When the ProcessListElement() delegate is called, the method is called with three arguments:

  • A reference to the calling RiffParser.
  • An int specifying the FourCC code for the list.
  • An int containing the length of the list data.

The list can then be skipped,

rp.SkipData(length);

or each element can be processed by calling ReadElement(), possibly with new delegates to handle the elements in the list.

RiffParser.ProcessChunkElement pnc = 
    new RiffParser.ProcessChunkElement(ProcessNestedChunk);
RiffParser.ProcessListElement pnl = 
    new RiffParser.ProcessListElement(ProcessNestedList);

while (length > 0) 
{
    if (false == rp.ReadElement(ref length, pnc, pnl)) break;
}

FourCC conversions

Four static methods are available to ease conversion from and to FourCC ints:

public static string FromFourCC(int FourCC)
public static int ToFourCC(string FourCC)
public static int ToFourCC(char[] FourCC)
public static int ToFourCC(char c0, char c1, char c2, char c3)

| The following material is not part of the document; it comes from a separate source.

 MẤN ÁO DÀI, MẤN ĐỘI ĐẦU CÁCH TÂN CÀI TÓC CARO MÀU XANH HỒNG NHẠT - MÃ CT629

The method I use most is FromFourCC().

// AVI section FourCC codes
public static readonly int ckidAVIHeaderList = RiffParser.ToFourCC("hdrl");
public static readonly int ckidMainAVIHeader = RiffParser.ToFourCC("avih");
public static readonly int ckidODML = RiffParser.ToFourCC("odml");
public static readonly int ckidAVIExtHeader = RiffParser.ToFourCC("dmlh");
public static readonly int ckidAVIStreamList = RiffParser.ToFourCC("strl");
public static readonly int ckidAVIStreamHeader = RiffParser.ToFourCC("strh");
public static readonly int ckidStreamFormat = RiffParser.ToFourCC("strf");
public static readonly int ckidAVIOldIndex = RiffParser.ToFourCC("idx1");
public static readonly int ckidINFOList = RiffParser.ToFourCC("INFO");
public static readonly int ckidAVIISFT = RiffParser.ToFourCC("ISFT");

Unsafe and Fixed – are they needed?

RIFF files are binary files. Attempting to read RIFF files one character at a time results in a great performance impact. The data structures stored in the files are designed to be loaded in to memory and then be referenced using fixed-size C structs. For example, an AVIMAINHEADER struct is defined as:

typedef struct _avimainheader {
    FourCC fcc;
    DWORD  cb;
    DWORD  dwMicroSecPerFrame;
    DWORD  dwMaxBytesPerSec;
    DWORD  dwPaddingGranularity;
    DWORD  dwFlags;
    DWORD  dwTotalFrames;
    DWORD  dwInitialFrames;
    DWORD  dwStreams;
    DWORD  dwSuggestedBufferSize;
    DWORD  dwWidth;
    DWORD  dwHeight;
    DWORD  dwReserved[4];
} AVIMAINHEADER;

In C++ (or C) you would:

Private void DecodeAVIHeader(IOStream& stream)
{
    char[] data = new char[sizeof(AVIMAINHEADER)];

    stream.Read(data, sizeof(AVIMAINHEADER));

    AVIMAINHEADER* avi = (AVIMAINHEADER*)data;
    // Reference the struct members directly
    int totalFrames = avi->dwTotalFrames;
    …
}

But in C#, in managed code – we cannot do such tricks. Are we limited to reading a single byte at a time and doing a lot of work to decode the data?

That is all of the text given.